The remaining tracks are a delightful mix of Yiddish theatre songs (Molly Picon being also represented), traditional songs, traditional klezmer tunes and klezmer "standards" from the golden era of New World klezmer, the first three decades of the 20th Century. All the material is beautifully and sensitively arranged for Maxwell Street's big band sound by Alex Koffman, and beautifully performed by the whole band, with just the right balance of gusto and restraint. Their boundless enthusiasm and energy, as well as their huge enjoyment of what they're doing, come across the inherently dead medium of the CD and are highly infectious. Lori's and her fellow singers' vocals are, as ever, a heavenly delight - they make it all sound so easy and effortless, hallmarks of truly great singers. The instrumentalists are all an equal delight, and it would be most unfair to single any of them out, ordinarily. However, the circumstances are not entirely ordinary, and indeed tinged with some sadness, in that the album is dedicated to trombonist Sam Margolis who, the liner notes inform, sadly passed away after recording this album but before its completion. His soulful, jazzy trombone will no doubt be sadly missed by the band and music lovers in general alike, just as he himself is doubtlessly missed deeply by all who knew him or even knew of him. Old Roots New World makes for a wonderful and loving epitaph.

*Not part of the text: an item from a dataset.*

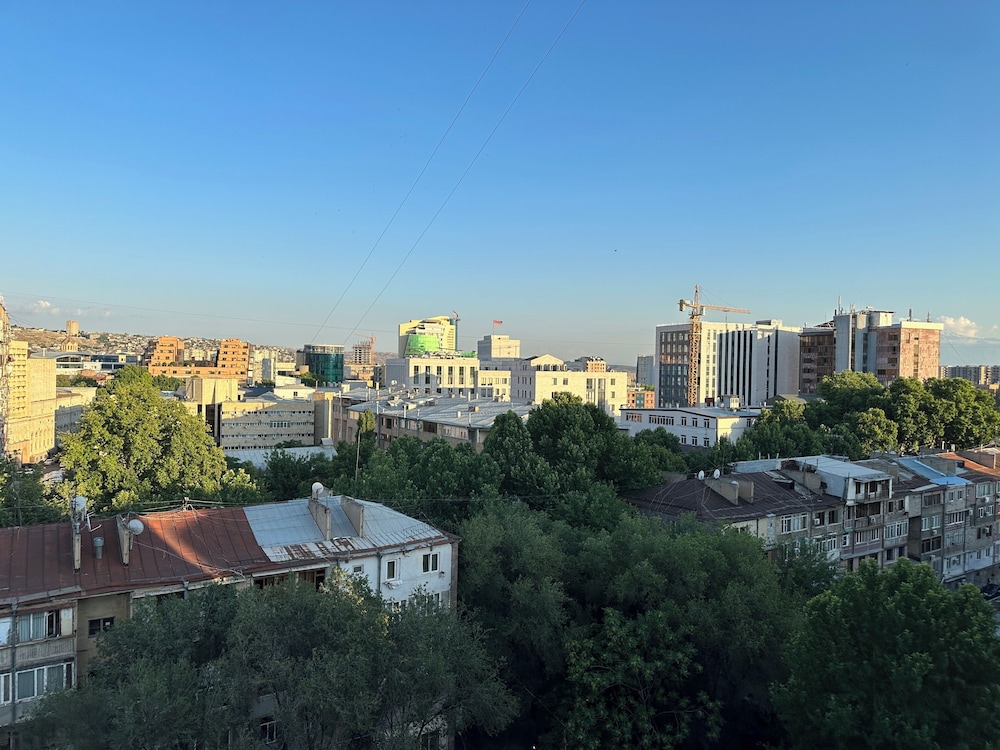 Apartments by Luxe Group KO100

Maxwell Street's web site ( www.klezmerband.com ) modestly claims, "...we are not ... nor even authentic" [klezmer], well, I feel this does need qualifying. If we're talking historically authentic, i.e., e.g., a historically accurate re-creation of the style and sound of a 19th Century klezmer ensemble, then fair enough. However, if we're talking klezmer music per se, then Maxwell Street is as authentic as any band. It is precisely because of the work of bands such as themselves that klezmer remains a living tradition rather than turning into a piece of "museum culture". And within a living tradition, a living culture, there not only is always room for all manner of styles, be they historically accurate recreations of the past, or experimental, or anything in between, but there is indeed an absolute need for all such differing styles if the tradition is to remain a living one. Within that definition, any style can be authentic. And, indeed, who is to define what does and what does not constitute authenticity?
If you have not caught up with Old Roots New World yet, I cannot recommend it highly enough - go grab it if you can! It's on the Shanachie label (as is the earlier "You Should Be So Lucky"), so should be universally obtainable, or of course I expect directly from the band. Old Roots New World is just wonderful music, whichever way you want to look at it. It doesn't really matter whether or not you are specifically interested in klezmer/Yiddish music or even Jewish music in general, or classical or whatever. If you just like good music, chances are very high indeed that you'll enjoy this highly contageous music. The liner notes are excellent and informative, and the cover features very attractive (and quite appropriately symbolic) artwork by Arlin Robins.
Treat yourself, and "support your local artist/s" (or even not so local as the case may be).